LONDON - Prime Minister David Cameron ratcheted up the rhetoric against Europe on Sunday by demanding a radical change to Britain's ties with the European Union and offering the prospect of an exit from the continent's principal treaty on human rights.
Europe poses one of the biggest obstacles to Cameron's re-election in 2015 and he is under pressure from Conservative lawmakers to stem the loss of support to the UK Independence Party (UKIP), which calls for an immediate withdrawal from the EU.
Cameron said the EU will have to renegotiate the treaties on which it was founded, an idea rejected by some EU members as being too complicated and time-consuming.
"My goal is to renegotiate our relationship with Europe, very radically," Cameron told the BBC at the start of his Conservative Party's conference in Manchester, northern England."We need a treaty renegotiation, I am convinced one has to happen."
Cameron said in January that he would negotiate Britain's EU relationship before holding an in/out referendum by the end of 2017, provided he wins the next election in 2015.
That promise was seen as an attempt to mollify anti-EU Conservatives and mount a stronger challenge to UKIP.
Some EU members have warned Britain that they will resist attempts to reclaim powers unilaterally.
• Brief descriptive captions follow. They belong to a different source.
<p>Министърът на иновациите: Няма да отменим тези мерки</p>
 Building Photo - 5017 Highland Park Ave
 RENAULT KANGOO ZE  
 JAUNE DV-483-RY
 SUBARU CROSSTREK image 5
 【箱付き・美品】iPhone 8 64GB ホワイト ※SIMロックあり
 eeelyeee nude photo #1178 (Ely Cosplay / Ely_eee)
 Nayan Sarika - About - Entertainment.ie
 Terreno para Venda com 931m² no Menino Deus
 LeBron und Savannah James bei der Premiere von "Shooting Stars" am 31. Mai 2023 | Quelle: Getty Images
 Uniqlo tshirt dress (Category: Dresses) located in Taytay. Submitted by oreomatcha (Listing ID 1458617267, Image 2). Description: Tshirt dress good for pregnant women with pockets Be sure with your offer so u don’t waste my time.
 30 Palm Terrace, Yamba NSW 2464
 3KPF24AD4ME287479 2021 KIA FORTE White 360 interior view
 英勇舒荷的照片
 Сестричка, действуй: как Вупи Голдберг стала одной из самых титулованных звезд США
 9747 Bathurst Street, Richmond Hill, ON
Business leaders say talk of Britain leaving its biggest trading partner could undermine confidence and investment.
German Chancellor Angela Merkel, who was re-elected with a strong mandate this month, has started talking about powers flowing back to member states from Brussels, but "she means something different from the British" and is still committed to a more integrated EU, an aide told Reuters.